# AllInOne Files

### Faking nc=0 for some spaces:

Faking is done at the **ens** and **ensAvg** levels (and directories) not at the **segment** and **whole** levles, so the **segment stamps** are not modified byt the **whole** and **ens** ones are modified.

### To-do list
- [x] **space_tseries** fucntion for all the timeseries in one **space**.
- [ ] **space** fucntion for all the distributions in one **space**.
- [ ] **all-in-one** fucntion for all the timeseries in all **space**s in a **project**.
- [ ] **all-in-one** fucntion for all the distributions in all **space**s in a **project**.

### Naming convention:

This is the pattern of file or directory names:

1. **whole** files: whole-group-property_[-measure][-stage][.ext]
2. **ensemble** files: ensemble-group-property_[-measure][-stage][.ext]
3. **ensemble_long** files: ensemble_long-group-property_[-measure][-stage][.ext]
4. **space** files: space-group-property_[-measure][-stage][.ext]
5. **all in one** files: space-group-**species**-**allInOne**-property-_[-measure][-stage][.ext]

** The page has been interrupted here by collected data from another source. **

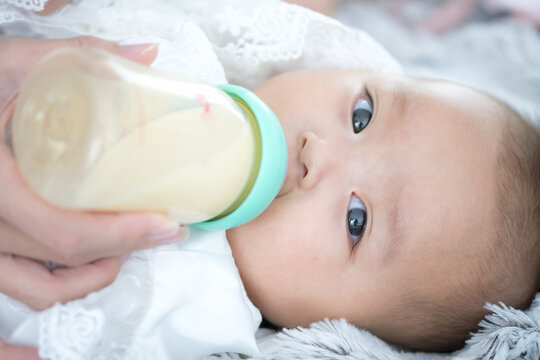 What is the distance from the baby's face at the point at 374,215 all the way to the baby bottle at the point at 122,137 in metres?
0.28

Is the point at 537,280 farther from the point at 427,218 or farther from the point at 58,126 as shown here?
the point at 58,126

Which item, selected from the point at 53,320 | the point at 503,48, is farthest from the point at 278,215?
the point at 503,48

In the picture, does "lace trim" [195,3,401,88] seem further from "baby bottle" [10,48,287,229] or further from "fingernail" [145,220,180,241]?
"fingernail" [145,220,180,241]

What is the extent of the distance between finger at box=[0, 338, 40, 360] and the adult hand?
8cm

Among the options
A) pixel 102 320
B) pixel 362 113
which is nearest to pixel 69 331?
pixel 102 320

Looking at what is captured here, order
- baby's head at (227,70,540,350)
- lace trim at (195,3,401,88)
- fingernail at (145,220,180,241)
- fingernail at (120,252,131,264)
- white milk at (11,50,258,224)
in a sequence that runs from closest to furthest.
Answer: white milk at (11,50,258,224) < fingernail at (145,220,180,241) < fingernail at (120,252,131,264) < baby's head at (227,70,540,350) < lace trim at (195,3,401,88)

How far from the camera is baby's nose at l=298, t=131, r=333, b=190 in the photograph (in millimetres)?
1026

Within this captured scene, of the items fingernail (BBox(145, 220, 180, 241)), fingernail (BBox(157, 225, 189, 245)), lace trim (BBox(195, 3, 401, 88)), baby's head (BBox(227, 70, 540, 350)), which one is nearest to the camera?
fingernail (BBox(145, 220, 180, 241))

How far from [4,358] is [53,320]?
135 millimetres

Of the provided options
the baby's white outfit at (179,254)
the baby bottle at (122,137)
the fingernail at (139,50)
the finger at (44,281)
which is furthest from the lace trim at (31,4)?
the finger at (44,281)

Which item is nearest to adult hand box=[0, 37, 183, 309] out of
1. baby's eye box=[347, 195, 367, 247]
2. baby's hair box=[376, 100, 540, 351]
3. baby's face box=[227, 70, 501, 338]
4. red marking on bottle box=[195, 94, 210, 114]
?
red marking on bottle box=[195, 94, 210, 114]

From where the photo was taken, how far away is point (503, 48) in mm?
2020

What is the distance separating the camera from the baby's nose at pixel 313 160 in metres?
1.03

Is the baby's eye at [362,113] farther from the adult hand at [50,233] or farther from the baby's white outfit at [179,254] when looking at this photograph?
the adult hand at [50,233] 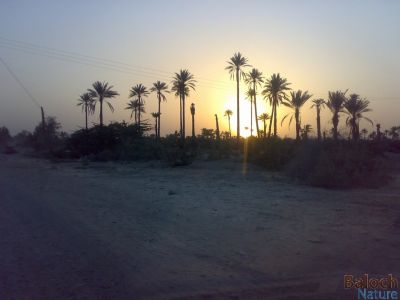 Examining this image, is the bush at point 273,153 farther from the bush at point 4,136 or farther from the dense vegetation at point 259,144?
the bush at point 4,136

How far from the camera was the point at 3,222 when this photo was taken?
14562 millimetres

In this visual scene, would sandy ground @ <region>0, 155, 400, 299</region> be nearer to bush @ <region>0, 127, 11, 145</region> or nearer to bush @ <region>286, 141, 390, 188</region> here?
bush @ <region>286, 141, 390, 188</region>

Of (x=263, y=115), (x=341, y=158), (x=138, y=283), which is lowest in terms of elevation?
(x=138, y=283)

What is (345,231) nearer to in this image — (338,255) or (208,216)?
(338,255)

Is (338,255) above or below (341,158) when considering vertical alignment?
below

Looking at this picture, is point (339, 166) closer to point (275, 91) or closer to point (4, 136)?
point (275, 91)

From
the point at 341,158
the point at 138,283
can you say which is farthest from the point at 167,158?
the point at 138,283

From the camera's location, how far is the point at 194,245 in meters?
11.4

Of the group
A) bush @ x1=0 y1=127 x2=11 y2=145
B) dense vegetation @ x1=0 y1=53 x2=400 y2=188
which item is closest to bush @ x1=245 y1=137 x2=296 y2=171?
dense vegetation @ x1=0 y1=53 x2=400 y2=188

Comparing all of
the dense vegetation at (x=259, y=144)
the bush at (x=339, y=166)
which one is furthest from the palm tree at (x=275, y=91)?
the bush at (x=339, y=166)

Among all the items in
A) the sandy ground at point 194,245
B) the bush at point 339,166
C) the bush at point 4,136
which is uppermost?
the bush at point 4,136

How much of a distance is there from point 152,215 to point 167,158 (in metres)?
28.1

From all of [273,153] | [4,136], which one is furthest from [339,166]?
[4,136]

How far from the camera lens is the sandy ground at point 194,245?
27.3 ft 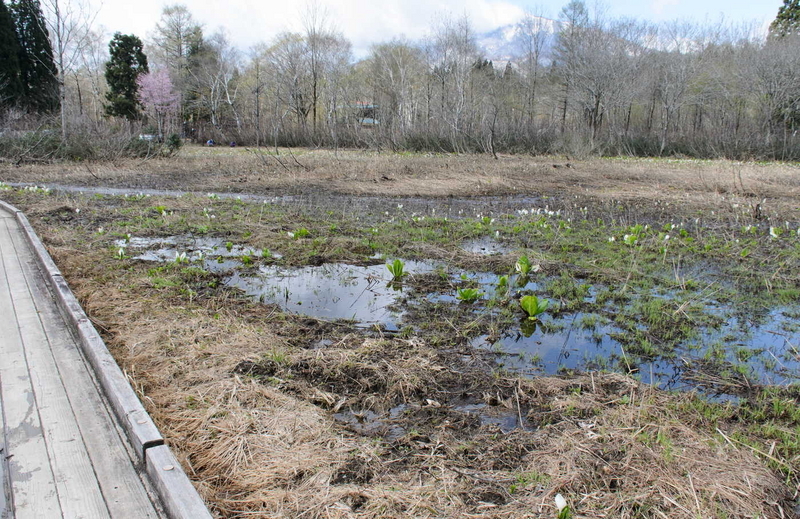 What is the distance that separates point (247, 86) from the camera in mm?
47188

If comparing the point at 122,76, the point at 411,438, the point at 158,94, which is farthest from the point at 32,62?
the point at 411,438

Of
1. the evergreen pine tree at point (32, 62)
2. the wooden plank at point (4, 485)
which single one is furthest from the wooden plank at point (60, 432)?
the evergreen pine tree at point (32, 62)

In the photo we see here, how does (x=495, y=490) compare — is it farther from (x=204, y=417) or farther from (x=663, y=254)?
(x=663, y=254)

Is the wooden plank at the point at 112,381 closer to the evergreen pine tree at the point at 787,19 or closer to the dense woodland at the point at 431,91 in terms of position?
the dense woodland at the point at 431,91

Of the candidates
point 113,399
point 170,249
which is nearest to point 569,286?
point 113,399

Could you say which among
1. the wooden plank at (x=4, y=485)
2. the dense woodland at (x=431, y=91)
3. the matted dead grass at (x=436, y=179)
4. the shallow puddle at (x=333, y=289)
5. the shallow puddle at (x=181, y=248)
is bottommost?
the wooden plank at (x=4, y=485)

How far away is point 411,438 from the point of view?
116 inches

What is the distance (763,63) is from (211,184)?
30160mm

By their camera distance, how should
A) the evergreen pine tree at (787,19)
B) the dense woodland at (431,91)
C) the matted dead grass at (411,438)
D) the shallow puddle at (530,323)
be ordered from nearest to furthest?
the matted dead grass at (411,438), the shallow puddle at (530,323), the dense woodland at (431,91), the evergreen pine tree at (787,19)

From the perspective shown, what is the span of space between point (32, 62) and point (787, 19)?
50.0 meters

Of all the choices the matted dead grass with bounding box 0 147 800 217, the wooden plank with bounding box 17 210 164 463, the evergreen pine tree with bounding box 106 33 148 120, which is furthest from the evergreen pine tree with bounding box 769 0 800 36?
the evergreen pine tree with bounding box 106 33 148 120

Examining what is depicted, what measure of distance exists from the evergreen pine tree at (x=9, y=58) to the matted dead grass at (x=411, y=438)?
3431cm

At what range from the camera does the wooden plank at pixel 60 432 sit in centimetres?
218

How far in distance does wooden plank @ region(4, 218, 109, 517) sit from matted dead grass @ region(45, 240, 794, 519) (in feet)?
1.36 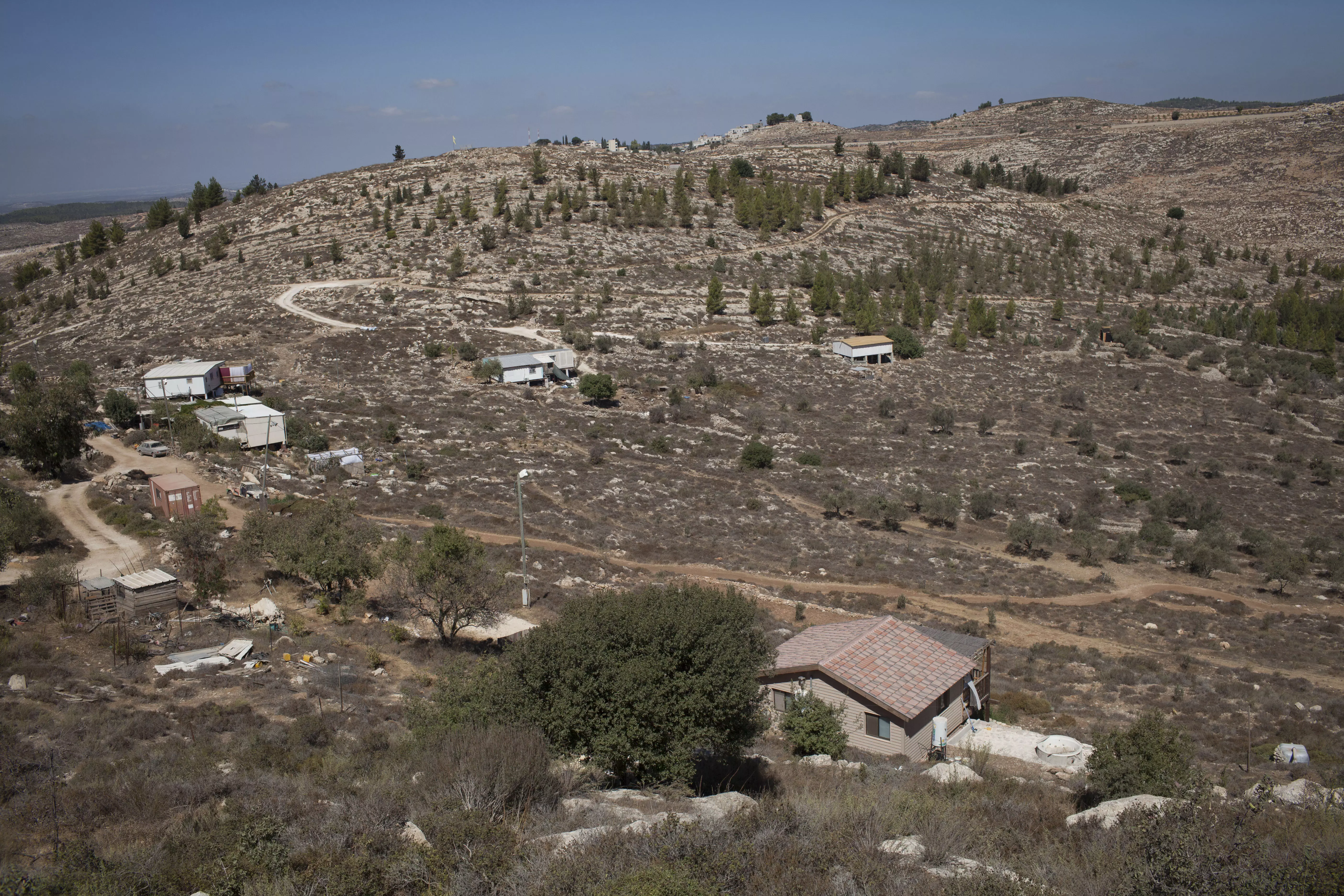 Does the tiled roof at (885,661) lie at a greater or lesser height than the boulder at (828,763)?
greater

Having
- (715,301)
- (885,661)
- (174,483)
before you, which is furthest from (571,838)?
(715,301)

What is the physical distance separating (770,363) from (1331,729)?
3825 centimetres

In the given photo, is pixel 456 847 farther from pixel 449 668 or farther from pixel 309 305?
pixel 309 305

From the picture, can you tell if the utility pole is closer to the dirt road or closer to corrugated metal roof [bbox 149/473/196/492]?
the dirt road

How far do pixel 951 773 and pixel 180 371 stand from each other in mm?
39490

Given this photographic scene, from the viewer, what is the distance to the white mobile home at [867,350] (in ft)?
179

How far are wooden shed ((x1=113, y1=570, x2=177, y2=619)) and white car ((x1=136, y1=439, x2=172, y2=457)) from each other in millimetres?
15509

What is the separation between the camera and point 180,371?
39.5 meters

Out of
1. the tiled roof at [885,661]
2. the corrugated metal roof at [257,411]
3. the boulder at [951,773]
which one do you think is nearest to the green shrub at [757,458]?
the tiled roof at [885,661]

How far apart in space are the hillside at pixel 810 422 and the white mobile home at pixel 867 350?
1308 millimetres

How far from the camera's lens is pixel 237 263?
64000 mm

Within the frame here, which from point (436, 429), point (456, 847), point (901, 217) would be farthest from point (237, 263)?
point (456, 847)

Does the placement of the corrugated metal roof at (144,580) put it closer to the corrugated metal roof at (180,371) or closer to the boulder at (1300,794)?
the boulder at (1300,794)

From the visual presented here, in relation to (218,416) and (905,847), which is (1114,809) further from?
(218,416) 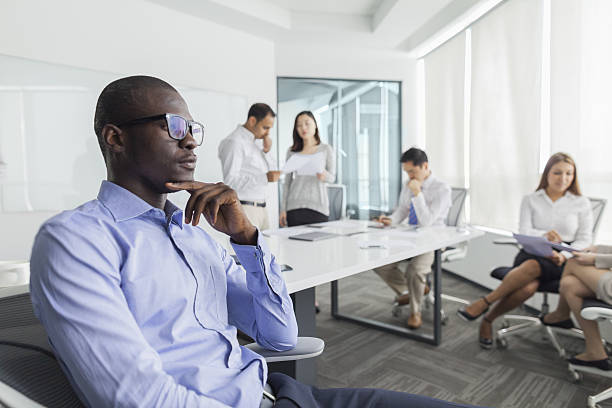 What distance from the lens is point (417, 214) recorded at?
3223 millimetres

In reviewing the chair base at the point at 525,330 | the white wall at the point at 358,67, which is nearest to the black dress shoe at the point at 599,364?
the chair base at the point at 525,330

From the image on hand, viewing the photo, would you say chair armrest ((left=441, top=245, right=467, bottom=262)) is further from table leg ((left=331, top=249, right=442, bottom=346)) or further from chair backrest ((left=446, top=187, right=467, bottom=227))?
table leg ((left=331, top=249, right=442, bottom=346))

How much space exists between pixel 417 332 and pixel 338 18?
388cm

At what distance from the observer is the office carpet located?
223 cm

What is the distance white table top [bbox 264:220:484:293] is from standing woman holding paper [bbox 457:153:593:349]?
0.43 m

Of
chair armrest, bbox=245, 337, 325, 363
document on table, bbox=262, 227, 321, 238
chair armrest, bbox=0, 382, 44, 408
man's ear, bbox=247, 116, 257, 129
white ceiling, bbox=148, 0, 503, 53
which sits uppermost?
white ceiling, bbox=148, 0, 503, 53

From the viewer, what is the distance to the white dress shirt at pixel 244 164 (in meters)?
2.93

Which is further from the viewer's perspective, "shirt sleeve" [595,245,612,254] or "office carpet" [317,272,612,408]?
"shirt sleeve" [595,245,612,254]

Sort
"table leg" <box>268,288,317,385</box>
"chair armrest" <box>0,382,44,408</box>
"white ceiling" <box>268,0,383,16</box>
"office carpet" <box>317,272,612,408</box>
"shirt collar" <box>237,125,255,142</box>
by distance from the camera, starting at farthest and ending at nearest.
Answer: "white ceiling" <box>268,0,383,16</box> < "shirt collar" <box>237,125,255,142</box> < "office carpet" <box>317,272,612,408</box> < "table leg" <box>268,288,317,385</box> < "chair armrest" <box>0,382,44,408</box>

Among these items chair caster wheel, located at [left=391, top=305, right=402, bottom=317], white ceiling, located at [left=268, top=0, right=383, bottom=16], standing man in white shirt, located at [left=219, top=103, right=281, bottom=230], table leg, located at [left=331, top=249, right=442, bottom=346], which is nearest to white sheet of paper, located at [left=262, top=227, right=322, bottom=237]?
standing man in white shirt, located at [left=219, top=103, right=281, bottom=230]

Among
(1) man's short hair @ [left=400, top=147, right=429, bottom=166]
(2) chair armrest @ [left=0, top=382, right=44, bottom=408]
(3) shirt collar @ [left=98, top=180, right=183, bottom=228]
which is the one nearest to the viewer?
(2) chair armrest @ [left=0, top=382, right=44, bottom=408]

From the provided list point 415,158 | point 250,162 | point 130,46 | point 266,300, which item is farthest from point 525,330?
point 130,46

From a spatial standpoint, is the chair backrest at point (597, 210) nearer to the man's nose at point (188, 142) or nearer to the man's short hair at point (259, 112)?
the man's short hair at point (259, 112)

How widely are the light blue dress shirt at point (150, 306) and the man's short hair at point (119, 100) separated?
146 millimetres
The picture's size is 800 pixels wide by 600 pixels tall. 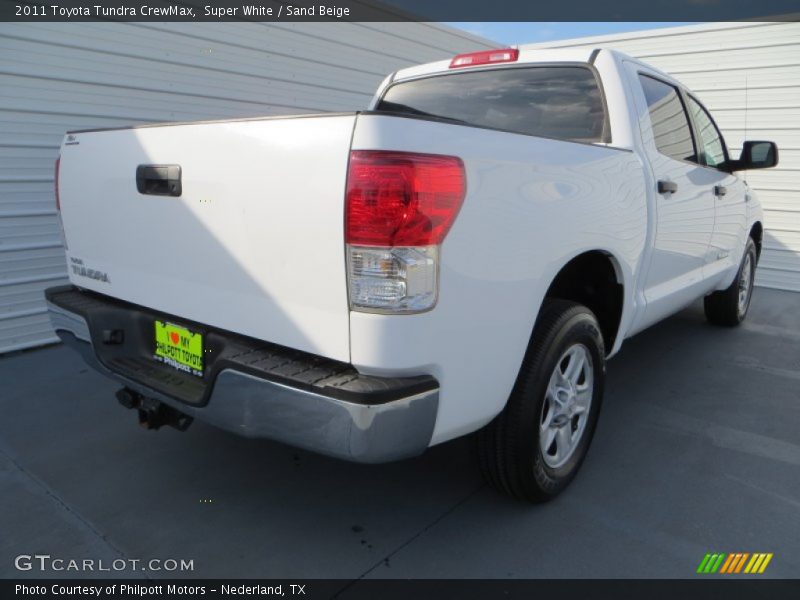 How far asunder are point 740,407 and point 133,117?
15.7ft

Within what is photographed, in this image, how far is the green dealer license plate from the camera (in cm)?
215

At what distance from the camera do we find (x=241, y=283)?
2.00m

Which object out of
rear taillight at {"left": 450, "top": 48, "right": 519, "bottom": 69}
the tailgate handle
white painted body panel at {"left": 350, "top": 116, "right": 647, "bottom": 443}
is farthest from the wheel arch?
the tailgate handle

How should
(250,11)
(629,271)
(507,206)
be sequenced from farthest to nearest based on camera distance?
(250,11)
(629,271)
(507,206)

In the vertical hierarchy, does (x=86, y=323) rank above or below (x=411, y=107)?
below

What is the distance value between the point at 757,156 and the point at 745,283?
1.48m

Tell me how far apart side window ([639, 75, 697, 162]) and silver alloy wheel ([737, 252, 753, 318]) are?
185 cm

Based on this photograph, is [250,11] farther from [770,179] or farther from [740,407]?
[770,179]

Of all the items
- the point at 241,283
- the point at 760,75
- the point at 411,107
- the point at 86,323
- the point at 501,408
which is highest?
the point at 760,75

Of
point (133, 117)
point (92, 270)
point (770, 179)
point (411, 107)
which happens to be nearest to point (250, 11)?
point (133, 117)

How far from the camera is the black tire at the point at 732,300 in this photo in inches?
199

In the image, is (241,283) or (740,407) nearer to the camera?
(241,283)

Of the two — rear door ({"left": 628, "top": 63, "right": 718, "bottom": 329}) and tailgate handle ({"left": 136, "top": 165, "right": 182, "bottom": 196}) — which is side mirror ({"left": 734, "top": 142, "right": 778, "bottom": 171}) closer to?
rear door ({"left": 628, "top": 63, "right": 718, "bottom": 329})

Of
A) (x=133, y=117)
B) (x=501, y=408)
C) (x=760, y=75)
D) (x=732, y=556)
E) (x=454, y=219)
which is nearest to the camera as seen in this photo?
(x=454, y=219) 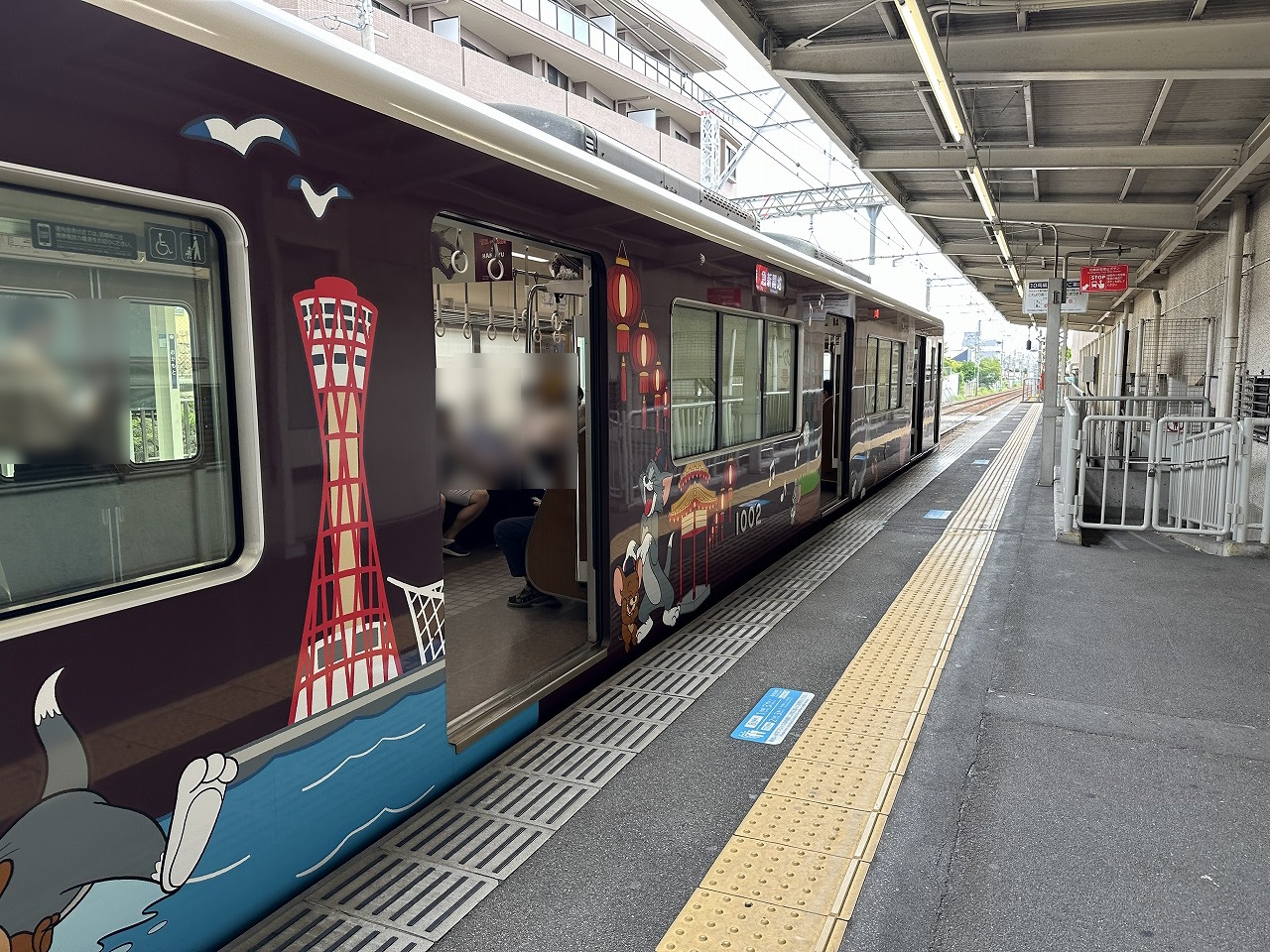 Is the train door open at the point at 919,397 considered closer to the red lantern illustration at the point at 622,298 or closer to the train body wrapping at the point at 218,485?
the red lantern illustration at the point at 622,298

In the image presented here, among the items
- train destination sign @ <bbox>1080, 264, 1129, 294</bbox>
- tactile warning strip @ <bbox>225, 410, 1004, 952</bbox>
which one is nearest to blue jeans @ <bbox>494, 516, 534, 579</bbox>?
tactile warning strip @ <bbox>225, 410, 1004, 952</bbox>

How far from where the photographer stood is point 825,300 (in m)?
7.18

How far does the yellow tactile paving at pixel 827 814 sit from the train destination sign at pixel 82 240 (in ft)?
7.11

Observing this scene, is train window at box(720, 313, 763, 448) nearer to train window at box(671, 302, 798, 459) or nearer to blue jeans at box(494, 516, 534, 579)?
train window at box(671, 302, 798, 459)

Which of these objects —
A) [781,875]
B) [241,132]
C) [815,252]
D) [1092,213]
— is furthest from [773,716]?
[1092,213]

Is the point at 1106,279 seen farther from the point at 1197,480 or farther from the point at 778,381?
the point at 778,381

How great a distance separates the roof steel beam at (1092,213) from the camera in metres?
11.1

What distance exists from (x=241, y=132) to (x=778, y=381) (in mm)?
4612

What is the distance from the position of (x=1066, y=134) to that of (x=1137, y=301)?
15135 mm

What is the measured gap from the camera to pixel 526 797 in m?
3.11

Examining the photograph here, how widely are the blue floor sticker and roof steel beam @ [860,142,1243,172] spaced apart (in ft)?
22.0

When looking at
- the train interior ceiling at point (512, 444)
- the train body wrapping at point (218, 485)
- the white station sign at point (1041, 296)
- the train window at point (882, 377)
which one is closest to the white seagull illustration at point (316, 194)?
the train body wrapping at point (218, 485)

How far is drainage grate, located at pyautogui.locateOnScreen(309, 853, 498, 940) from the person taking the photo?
Result: 2.44m

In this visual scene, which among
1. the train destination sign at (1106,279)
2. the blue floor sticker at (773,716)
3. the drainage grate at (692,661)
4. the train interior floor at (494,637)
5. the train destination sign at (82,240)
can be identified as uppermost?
the train destination sign at (1106,279) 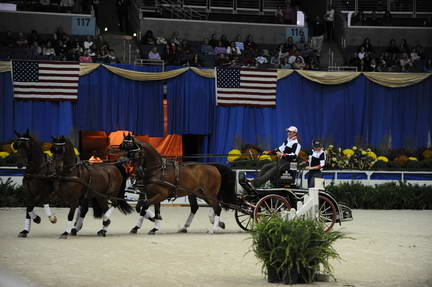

[keyword] means that the keyword in the file name is option. [-measure] is a physical measurement such as the auto correlation function (AFC) done on the physical 'property_'.

## CUATION: How to do:

1. Choose the project setting
2. Choose the space
3. Check the unique properties, and the ACF measures per unique properties.
4. Check the name, format, and extension of the Pandas writer.

#### Imports

In [None]:
# settings for testing and running on a PC.
from glob import glob
import pathlib
import pandas as pd
import numpy as np
import re
from polyphys.manage import organizer
from polyphys.manage.parser import SumRule, TransFoci
from polyphys.analyze import analyzer
from polyphys.analyze import measurer
import warnings
warnings.filterwarnings("ignore")

### List of physical properties: Set the project hierarchy

In [None]:
# list of unique property_measures:
#project_name = "TransFoci" 
#project_parser=TransFoci
#project_hierarchy = "ns*"
#project_attrs = ['space', 'ensemble_long', 'ensemble', 'nmon_small', 'nmon_large','dmon_large', 'dcyl', 'dcrowd', 'phi_c_bulk']

project_name = "SumRule"
project_parser = SumRule
project_hierarchy = "N*"
project_attrs = ['space', 'ensemble_long', 'ensemble', 'nmon', 'dcyl', 'dcrowd','phi_c_bulk']

species = 'Mon'
group = 'bug'
geometry = 'biaxial'
phase = 'ensAvg'

#space = "ns400nl5al5D20ac1"
#space = 'N2000D30.0ac4.0'
space = 'N2000D30.0ac6.0'
analysis_database = '/Users/amirhsi_mini/research_data/analysis/'  # path to the "analysis" phase directory
space_ensAvg_path = analysis_database + space + "-" + group + "-" + phase
filepathes = analysis_database + "/" + project_hierarchy + "-ensAvg" + "/" + project_hierarchy + ".csv"  # physical properties in all the 
uniq_props, uniq_props_stats = organizer.unique_property(filepathes, 2, "-" + phase, drop_properties=["stamps"])
print(uniq_props, uniq_props_stats)

## allInONe ensAvg stamps

In [None]:
spaces_stamps = glob(analysis_database + "/" + project_hierarchy + "-ensAvg/" + project_hierarchy + "-stamps-ensAvg.csv")
allInOne_stamps = []
for space_path in spaces_stamps:
    space_stamps = pd.read_csv(space_path)
    allInOne_stamps.append(space_stamps)
allInOne_stamps = pd.concat(allInOne_stamps, axis=0)
allInOne_stamps.to_csv(analysis_database + "allInOne-" + project_name + "-stamps-ensAvg.csv", index=False)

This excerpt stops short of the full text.